Kimi yaklaşımlar ne yazık ki artık kabul görmüyor, inandırıcı da gelmiyor. Şu topraklar üzerinde kardeşlik vurgularının bir karşılığı yok. Bazı kardeşler üstündür, bazıları onlara tâbi olmak zorundadır gibi bir yaklaşım bulunuyor.
Aile bireyleri içinde kardeşleri birbirlerine karşı olan tutumları, yaramazlıkları, bağlılıkları aynı babanın çocuklarının yaşadığı psikoloji ile, bir ülke toplamındaki kardeşlik aynı anlama gelmiyor ne yazık ki.
Irk eksenli bakış ki bu, İttihat ve Terakki ideolojisidir, bu seçim sürecinde iyice kökleşmiş bulunmaktadır. Ulusçu yaklaşımın bir anlamda tam oturmayan ve karşılığı olamayan bir süreç. Üstün kardeş, söz sahibi kardeş ile üvey dahi olmayan kardeş yaklaşımı bulunuyor. Bir yanıyla İslâmî öz ve ruh taşıyan bir anlayışın mensuplarının bir tarafa zorlanması, blokesi ve hatta yok sayılması ciddî sonuçlara neden olmuştur.
Bir milleti birbirinden koparmak, uzaklaştırmak ve yok saymak ancak bu kadar başarılı olabilirdi. Korkudan insanlar birbirinin yüzüne dahi bakamaz olmuşlardır.

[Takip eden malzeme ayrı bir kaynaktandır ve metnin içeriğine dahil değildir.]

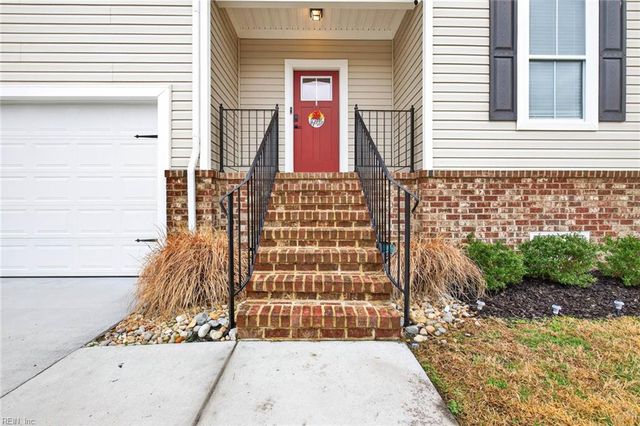 1014 Mains Creek RD, Chesapeake, VA 23320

İttihatçı ırkçı, jakoben anlayış her yanıyla bu seçim sürecinde baskın olmuştur. Bu, hem devletin bir politikası olmuş, hem de merkezi elinde tutanların anlayışı.
İttihatçı ruhtan uzaklaşma, millet bütünlüğü açısında bir olma süreci iyice tıkanmış bulunuyor. Yeniden ırkçı jakoben öze dönülmüştür. Cumhuriyet ideolojisinin ana umdelerinden olan milliyetçilik iyice kök salmış, yerleşmiştir.
Bu yaklaşım ile kesimler daha keskin ve korkunç uçurumların oluşmasına neden olmuştur. Güçlerin bir jakobenden bir diğerine zorlanmasına neden olunmuştur.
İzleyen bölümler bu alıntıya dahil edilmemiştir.